Task material
----------------
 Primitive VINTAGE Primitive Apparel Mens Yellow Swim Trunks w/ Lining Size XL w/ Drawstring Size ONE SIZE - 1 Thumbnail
----------------
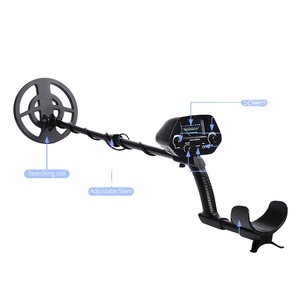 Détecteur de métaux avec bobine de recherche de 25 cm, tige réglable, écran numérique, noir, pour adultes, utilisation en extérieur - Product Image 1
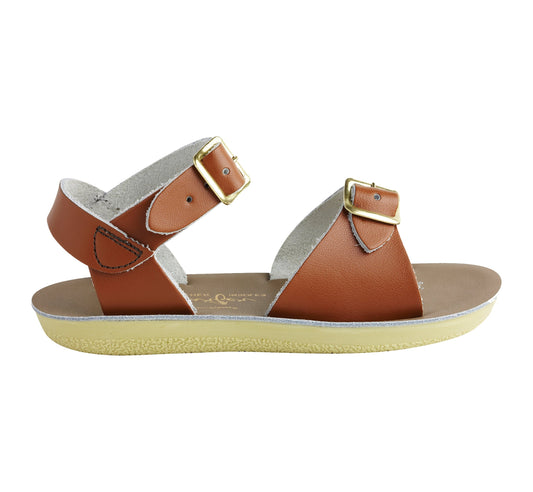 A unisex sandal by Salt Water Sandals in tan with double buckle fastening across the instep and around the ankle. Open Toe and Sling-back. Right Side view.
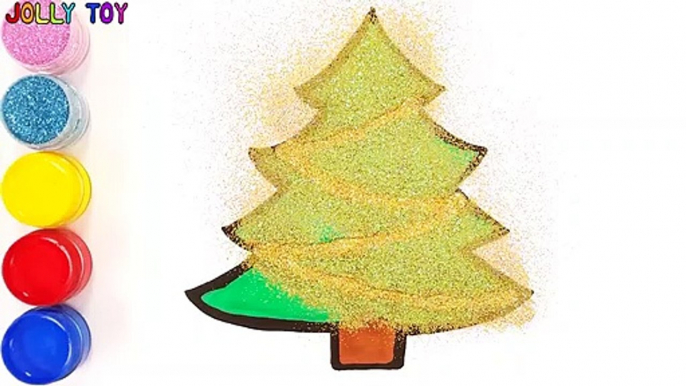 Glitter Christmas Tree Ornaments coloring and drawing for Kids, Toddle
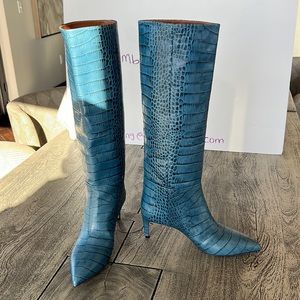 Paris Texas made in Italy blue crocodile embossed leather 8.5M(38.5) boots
----------------
Brief
Take the material above from the line bearing "Glitter Christmas Tree" through the line bearing "Paris Texas made" and write it out exactly, both end lines included. Pictures stay out.

Solution to this problem
 Glitter Christmas Tree Ornaments coloring and drawing for Kids, Toddle
 Paris Texas made in Italy blue crocodile embossed leather 8.5M(38.5) boots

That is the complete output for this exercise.